Maar als beeldend kunstenaar heeft Herman Brood mij toch nooit weten te boeien. Wanneer zijn werk ter sprake komt, valt mij op dat er haast altijd de volgende kwaliteiten worden genoemd: direct, spontaan, krachtig, energiek, rauw. Bijna nooit hoor je dat zijn materiaalgebruik liefdeloos is en elke nuance mist. Of dat hij met zichzelf in een eindeloze herhaling is gevallen. Aan graffiti en zogenaamde straatkunst kun je trouwens vaak dezelfde kwaliteiten toeschrijven. Met de spuitbus en de verfroller lijkt de menselijke expressie teruggekeerd naar een primitief stadium in zijn ontwikkeling. In onze collectieve geschiedenis keren we terug naar de grotten en de holen uit het Neolithicum, terwijl we in onze individuele geschiedenis teruggaan naar de koppoters uit de peutertijd.

Het werk van Herman Brood lijkt op straatkunst. Of op krabbels van peuters. Het is krasserig, wild en rauw. Dat laatste geldt overigens ook van het werk van Anton Heyboer, een andere mediakunstenaar die het van zijn televisieoptredens en stukken van Henk van der Meijden moest hebben. Voor mij hadden Brood en Heyboer, hoe verschillend ook, daarom ook veel met elkaar gemeen. Ze voelden haarfijn aan dat de moderne mens in een massacultuur leeft, die Guy Debord de Spektakelmaatschappij heeft genoemd. In deze maatschappij is de individuele mens de massa geworden die door de massamedia vermaakt en bespeeld wordt. De ene keer een grappige anekdote, de andere keer een lekker schandaal en de massa blijft smullen. De mediakunstenaar accepteert zijn symbiose met de massa en maakt van PR het hart van zijn kunst. Vroeger zou je een mediakunstenaar een kunstenmaker genoemd hebben en eigenlijk is dat een zeer treffende benaming. De mediakunstenaar geeft de kijkcijfers het laatste woord en levert zich uit aan de massa in ruil voor aandacht.

De mediakunstenaar accepteert zijn symbiose met de massa en maakt van PR het hart van zijn kunst.

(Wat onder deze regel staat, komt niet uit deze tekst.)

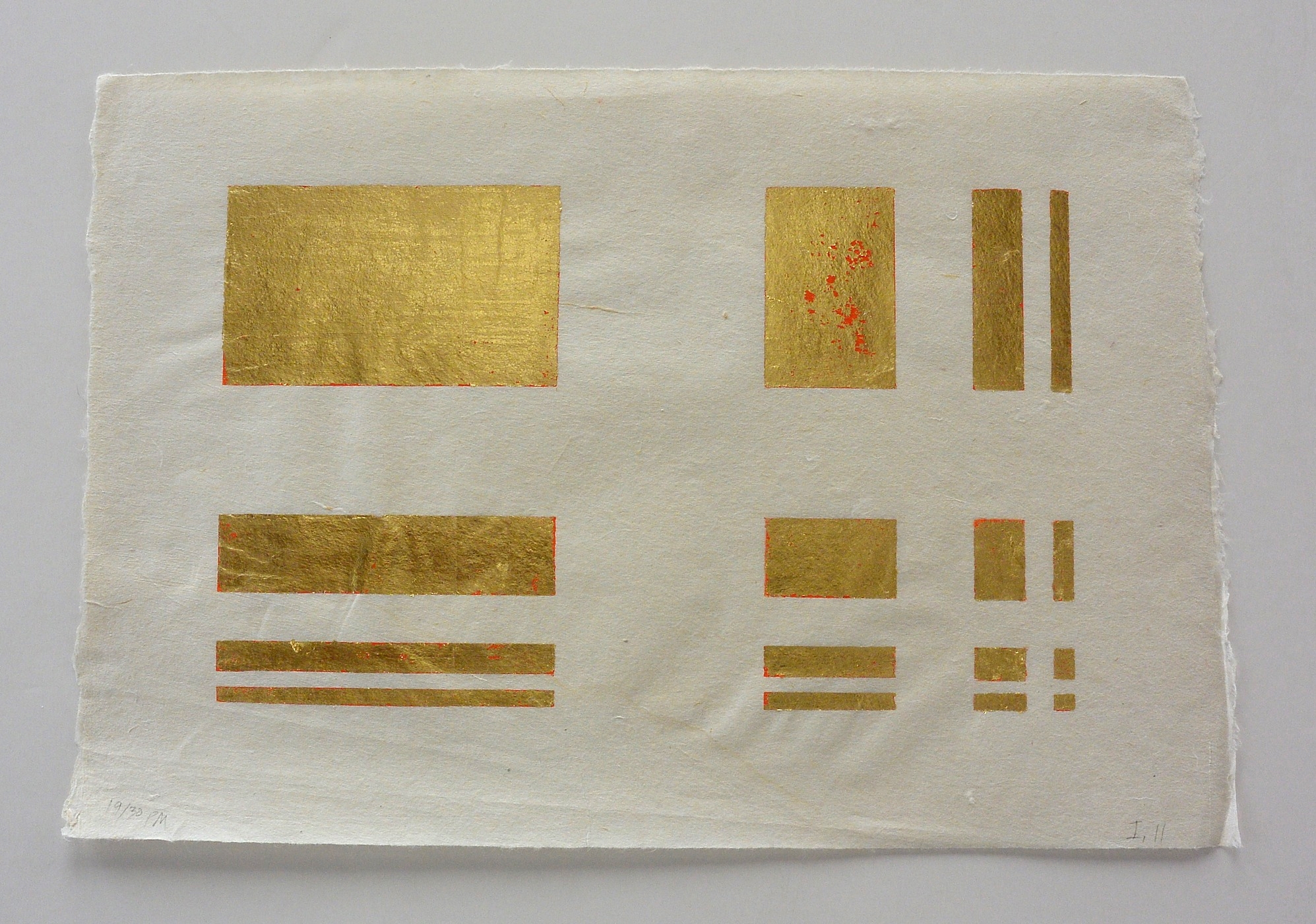  16 part gold, 10 1/8 x 15 in.,&nbsp;Ink and gold leaf 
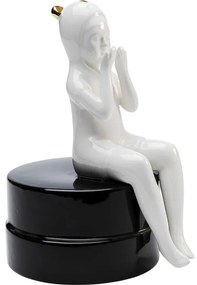 Διακοσμητικό Επιτραπέζιο Praying Girl Λευκό/Μαύρο 12x15,5x20 εκ. - Μαύρο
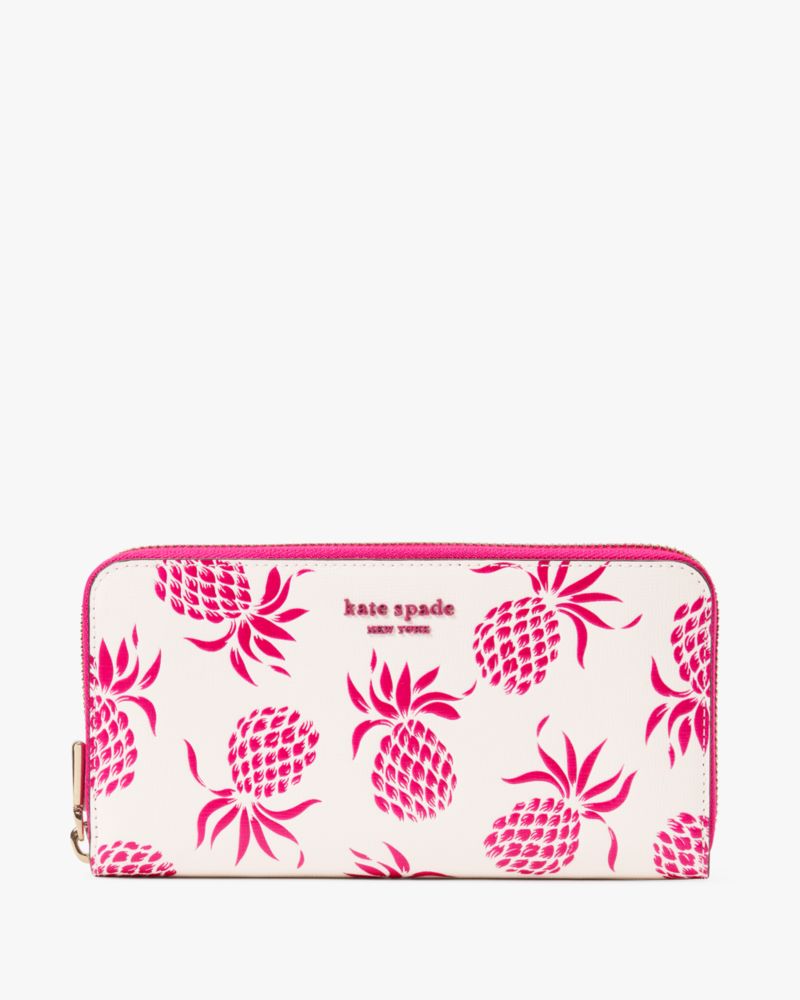 Kate Spade,Morgan Pineapple Embossed Zip Around Continental Wallet,Leather,Continental,Metal,Logo,Scratch Resistant,Casual,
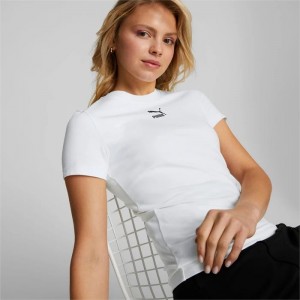 Camiseta Puma Classics Slim Tee Mujer Blancos | 70831-BYZU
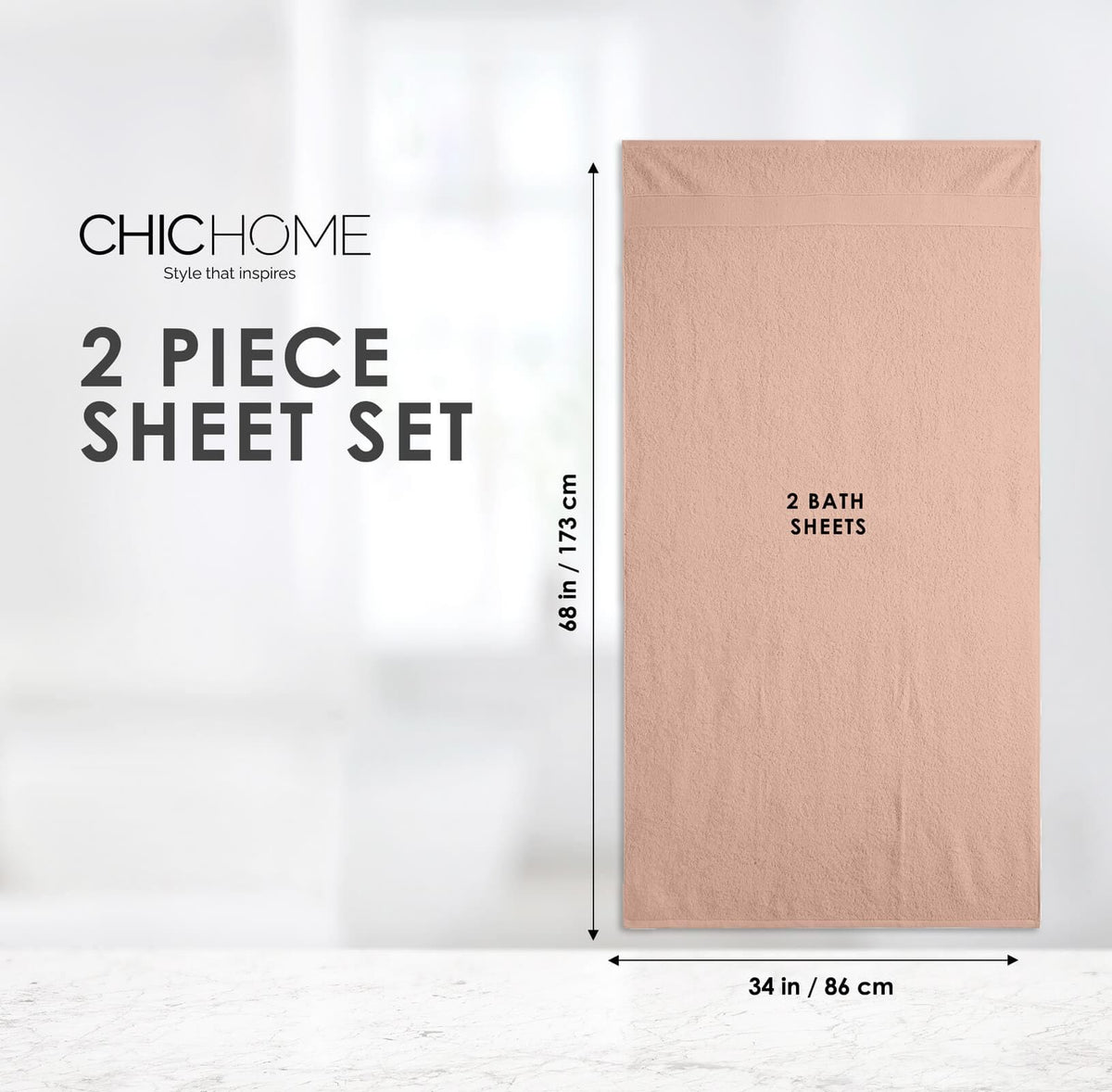 Chic Home Dobby Border Turkish Cotton 2 Piece Bath Sheet Towel Set-Rose
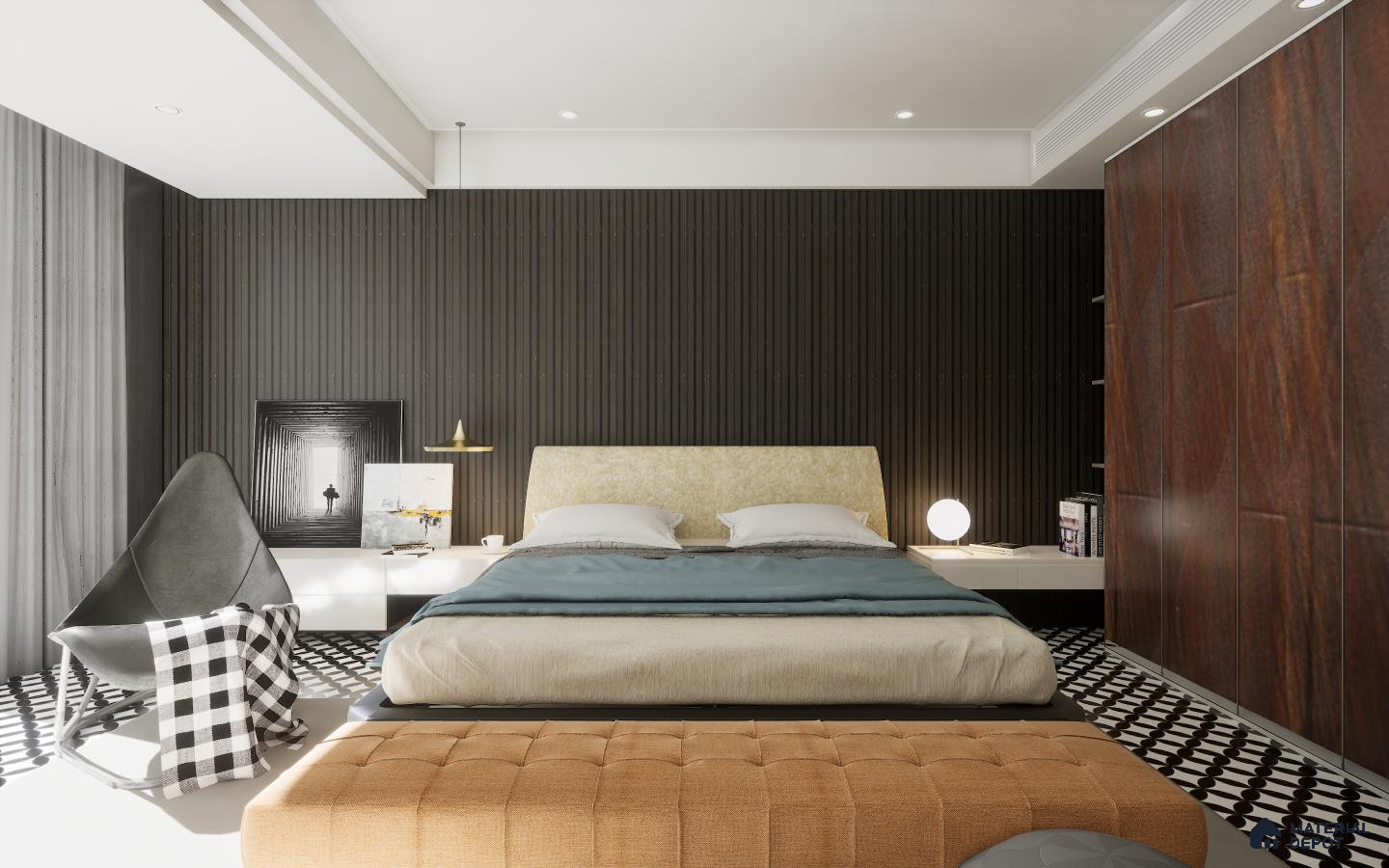 Modern bedroom with elegant decor panels, matte tiles, and sophisticated laminate cupboards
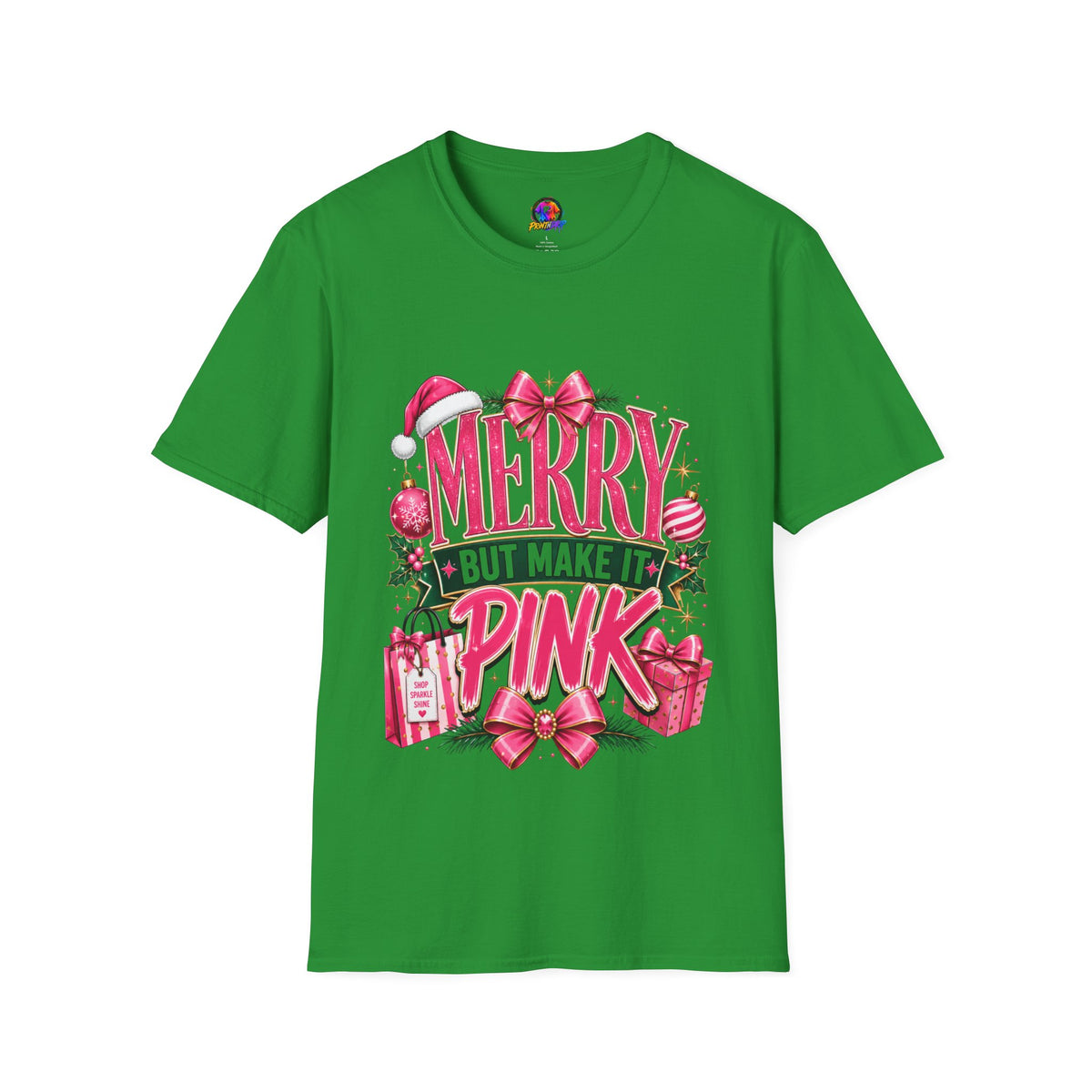 Christmas T-Shirt — "Merry But Make It Pink" Holiday Tee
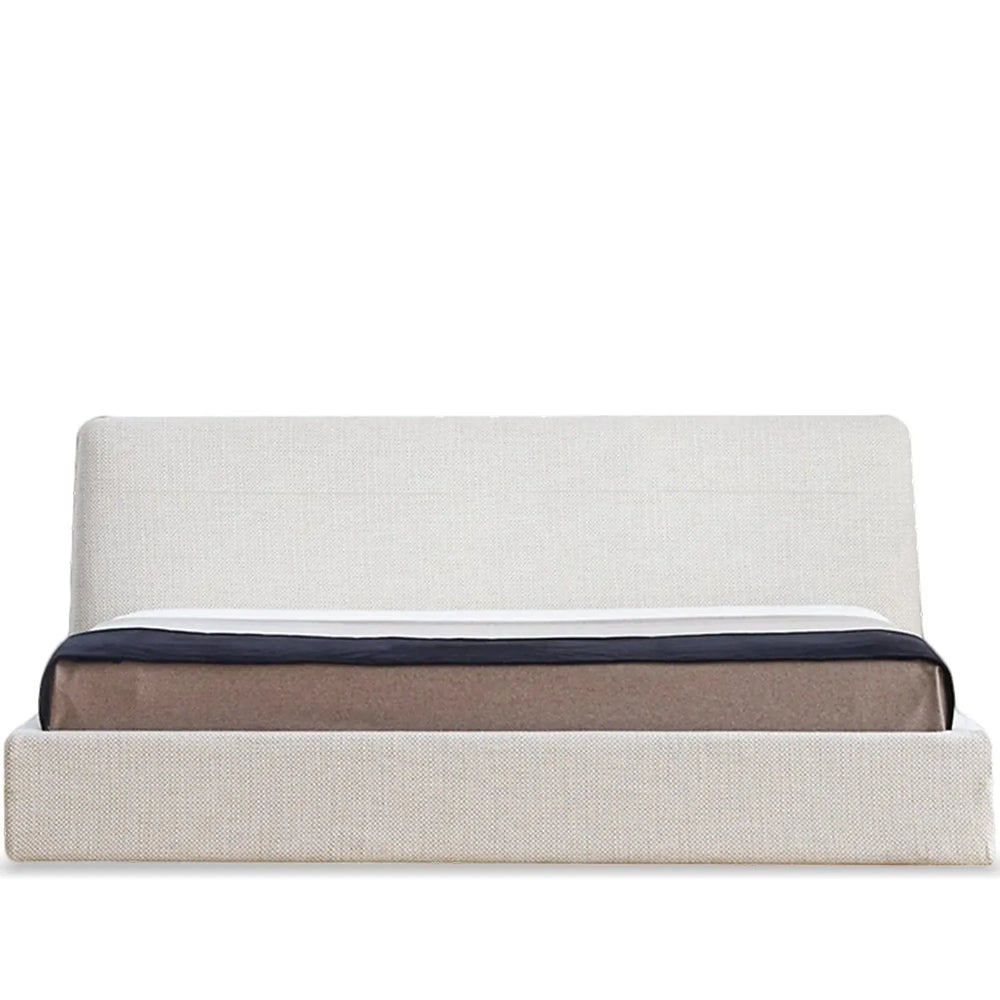 Minimalist fabric bed muuo in white background.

Door de marktwerking (“u vraagt, wij draaien”) is kunst zijn vormende karakter kwijtgeraakt. Hochkultur is in de massacultuur ten onder gegaan. Deze tendens werd in het Dadaïsme voor het eerst duidelijk zichtbaar en werd voortgezet in de jaren zestig door Pop Art. Wat tenslotte overblijft, is een bepaalde individuele behoefte die door de massamedia geëxploiteerd kan worden. In de spektakelmaatschappij is dat dikwijls de behoefte aan vermaak. Zijn publiek vermaken, daar was Herman Brood een meester in. Bart Chabot is na zijn dood zijn biograaf geworden. Chabots ‘broodjes’ lezen als een trein en je ligt op elke bladzijde wel ergens in een deuk, heb ik mij verschillende keren laten vertellen.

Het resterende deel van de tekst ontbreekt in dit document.